Speaking of Inappropriate Behavior
For example, I know what it means if a college expels me. I also know what it means if I'm such a weird, creepy, dangerous sort of guy that someone gets a judge to issue a restraining order, prohibiting me from coming within 60 yards of Cher, for example. [OK, so maybe that's not a completely random example.]
But consider the situation of Michelle Mufich. That's Michelle, over on the right. A fine-looking young woman. There can't be too large a number of girls named "Michelle Mufich," even in the whole United States, but we're not sure if THIS is her, or THIS (scroll down to where they list about a half-dozen scholarships awarded), but you can Google for yourself and decide who exactly she is. But one thing of which we are certain is that she is "persona non grata" at the University of Northern Colorado. And we have no idea on God's Green Earth what that means.
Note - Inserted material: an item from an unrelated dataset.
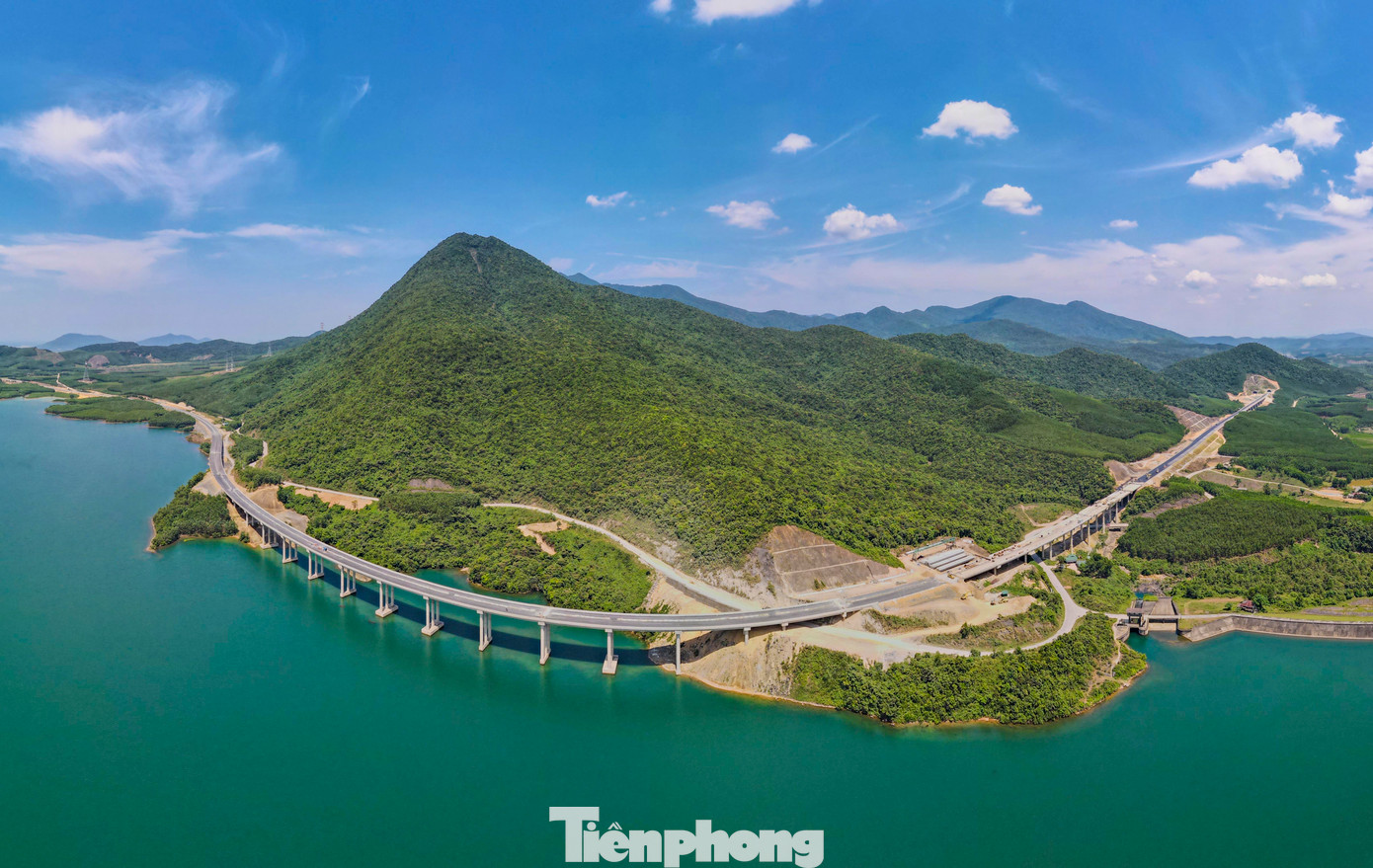 Cùng với đó, tại dự án cầu số 2 và 3 vượt hồ Kim Sơn có tổng chiều dài 1km, với tổng mức đầu tư hơn 260 tỷ đồng. Công trình triển khai từ tháng 6/2023 và đến nay cơ bản hoàn thiện các hạng mục, mặt cầu.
The University, located in beautiful Greeley, not only declares folks to be "persona non grata," but maintains a public web site listing their names and posting their photographs. The "University of Northern Colorado Police Department," (are no college rent-a-cops simply the "Campus Patrol" any longer?) explains:
We have a longstanding practice of issuing persona non grata (sometimes called PNG or no trespass) orders to people whose behavior is not appropriate for our campus community. The orders can be issued for offenses ranging from violation of the student code of conduct, to theft, to felonies. A person who is issued a PNG order may or may not have been affiliated with our campus at some time.Where to begin? Apparently one can make it onto this list even if they're not dangerous, have never committed a crime, and have never had any "affiliation" with the college. That means that they apparently think that they can list me -- and post my picture for the world to see -- this afternoon. And keep in mind when pondering "violation of the student code of conduct" that on today's enlightened college campus, "inappropriate flatulence" can be punished as a hate crime.
The individuals listed below were issued PNG orders this academic year. They aren’t necessarily dangerous, but they are unwelcome anywhere on campus.
If you see any of these people on campus, please call UNC Police at 351-2245. Although someone subject to a PNG order is not necessarily dangerous, we ask you to let our professional law enforcement officials handle any apparent violation of a PNG order. They will confirm the person’s identity and take appropriate action.
We leave to your imagination the possible applications for "PNG Orders." That annoying fellow down the hall who walks by your office engaging in questionable scratching? Issue him a PNG Order. Telemarketers pretending to be taking a survey? PNG. The guy on the corner who keeps handing you the Scientology pamphlet? PNG the bastard.
Of course, not all of the mug shots maintained by the Campi Patrol (they must have more than one campus, no?) present the same wholly non-threatening visage as Michelle. But we're at a loss to understand the legal basis for a public institution, without resort to the courts, not only classifying an individual in this way, but at the same time holding them up to public ridicule, without even explaining whether the alleged offense was cocaine distribution, or being impolite to a rent-a-cop.
Imagine the uproar if students at the University of Northern Colorado decided to maintain a web site on which they posted the pictures of patrolmen and college administrators and faculty who they'd decided to declare "Odious and Obnoxious."
Just so you know I'm not making this up, the website is HERE.
[UPDATE] An anonymous commenter has provided us with a link to this story, in which Brittany Bethel (that's her on the left) alleges that her name made the list of shame because she collapsed as a consequence of an eating disorder. As being a danger to oneself is a violation of the University's "Honor Code of Conduct," and since being afflicted with an eating disorder is dangerous, having such a condition violates the Code. Recall that mere violation of that Code can earn you a spot on the list.
While we're not sure we take Ms. Bethel's explanation at face value (but, then again, see this story, from February), what's more alarming is the explanation by the University that the web site is "a response to the shootings at Virginia Tech." How exactly does that fit with the University's statement that those on the list are "not necessarily dangerous."